● TASK TO CARRY OUT: Comb through the entries for "besoin" and pull out each line that holds it.

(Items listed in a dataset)
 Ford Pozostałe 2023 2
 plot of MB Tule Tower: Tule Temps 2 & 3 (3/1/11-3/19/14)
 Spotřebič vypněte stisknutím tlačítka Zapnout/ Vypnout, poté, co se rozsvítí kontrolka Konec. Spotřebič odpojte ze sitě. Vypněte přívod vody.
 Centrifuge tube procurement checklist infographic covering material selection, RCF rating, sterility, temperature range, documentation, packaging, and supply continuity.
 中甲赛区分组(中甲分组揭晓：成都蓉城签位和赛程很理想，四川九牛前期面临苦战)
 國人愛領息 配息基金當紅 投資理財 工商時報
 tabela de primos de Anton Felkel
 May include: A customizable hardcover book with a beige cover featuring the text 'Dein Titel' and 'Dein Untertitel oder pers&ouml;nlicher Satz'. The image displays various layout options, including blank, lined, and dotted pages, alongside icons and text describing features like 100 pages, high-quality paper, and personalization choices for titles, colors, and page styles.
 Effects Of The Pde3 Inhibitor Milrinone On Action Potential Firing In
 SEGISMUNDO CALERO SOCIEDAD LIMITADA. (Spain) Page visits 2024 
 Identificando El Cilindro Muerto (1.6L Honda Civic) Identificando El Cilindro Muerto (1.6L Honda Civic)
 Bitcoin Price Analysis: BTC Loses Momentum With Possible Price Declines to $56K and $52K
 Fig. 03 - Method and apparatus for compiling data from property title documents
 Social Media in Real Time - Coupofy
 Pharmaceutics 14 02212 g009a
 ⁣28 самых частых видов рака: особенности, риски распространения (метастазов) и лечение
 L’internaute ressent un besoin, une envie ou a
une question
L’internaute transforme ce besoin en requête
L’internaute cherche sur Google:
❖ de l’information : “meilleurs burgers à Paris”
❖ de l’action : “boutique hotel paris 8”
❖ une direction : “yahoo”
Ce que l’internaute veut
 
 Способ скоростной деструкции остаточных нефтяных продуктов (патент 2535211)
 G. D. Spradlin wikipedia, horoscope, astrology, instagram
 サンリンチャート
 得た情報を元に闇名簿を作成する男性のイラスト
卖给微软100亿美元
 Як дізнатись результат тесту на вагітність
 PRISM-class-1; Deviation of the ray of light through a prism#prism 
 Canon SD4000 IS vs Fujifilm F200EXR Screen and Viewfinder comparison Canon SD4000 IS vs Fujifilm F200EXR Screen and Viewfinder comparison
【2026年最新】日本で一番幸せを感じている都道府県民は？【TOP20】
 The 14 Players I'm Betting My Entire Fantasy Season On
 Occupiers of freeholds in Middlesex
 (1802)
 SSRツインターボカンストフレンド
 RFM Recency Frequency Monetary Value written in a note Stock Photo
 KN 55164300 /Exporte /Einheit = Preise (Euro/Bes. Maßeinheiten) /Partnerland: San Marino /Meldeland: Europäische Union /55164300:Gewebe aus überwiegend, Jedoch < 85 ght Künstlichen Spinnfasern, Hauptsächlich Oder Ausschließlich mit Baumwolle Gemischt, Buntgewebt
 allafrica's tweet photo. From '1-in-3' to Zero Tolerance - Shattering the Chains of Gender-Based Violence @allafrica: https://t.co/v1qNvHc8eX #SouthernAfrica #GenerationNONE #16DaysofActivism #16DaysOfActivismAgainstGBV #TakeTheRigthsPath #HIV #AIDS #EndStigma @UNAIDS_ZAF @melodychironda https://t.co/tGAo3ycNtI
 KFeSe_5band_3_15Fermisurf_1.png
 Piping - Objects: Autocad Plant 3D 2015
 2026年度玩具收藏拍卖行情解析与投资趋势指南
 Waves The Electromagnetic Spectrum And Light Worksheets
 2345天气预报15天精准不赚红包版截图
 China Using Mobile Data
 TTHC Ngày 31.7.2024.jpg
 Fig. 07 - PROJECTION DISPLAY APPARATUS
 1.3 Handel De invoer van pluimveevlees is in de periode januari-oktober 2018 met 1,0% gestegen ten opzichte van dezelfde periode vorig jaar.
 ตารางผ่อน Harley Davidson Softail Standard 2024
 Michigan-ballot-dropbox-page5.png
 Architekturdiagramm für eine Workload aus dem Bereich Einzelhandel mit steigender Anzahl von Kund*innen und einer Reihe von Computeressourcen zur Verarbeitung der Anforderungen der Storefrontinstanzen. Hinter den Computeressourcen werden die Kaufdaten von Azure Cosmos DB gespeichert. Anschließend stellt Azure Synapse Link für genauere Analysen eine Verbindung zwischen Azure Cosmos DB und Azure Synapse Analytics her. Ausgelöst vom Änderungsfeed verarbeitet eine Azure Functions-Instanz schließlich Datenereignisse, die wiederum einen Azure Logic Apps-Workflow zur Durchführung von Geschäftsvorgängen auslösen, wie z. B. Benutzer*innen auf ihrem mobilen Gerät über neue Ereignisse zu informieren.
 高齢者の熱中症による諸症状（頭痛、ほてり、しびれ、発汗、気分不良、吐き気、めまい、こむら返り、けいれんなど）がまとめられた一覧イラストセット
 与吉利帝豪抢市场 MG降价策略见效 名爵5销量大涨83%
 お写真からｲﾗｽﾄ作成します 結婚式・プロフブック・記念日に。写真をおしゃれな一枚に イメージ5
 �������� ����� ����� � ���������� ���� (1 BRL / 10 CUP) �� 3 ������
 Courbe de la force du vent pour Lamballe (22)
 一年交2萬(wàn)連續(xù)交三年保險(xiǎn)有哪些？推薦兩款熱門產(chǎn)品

● OUTPUT:
 L’internaute ressent un besoin, une envie ou a
L’internaute transforme ce besoin en requête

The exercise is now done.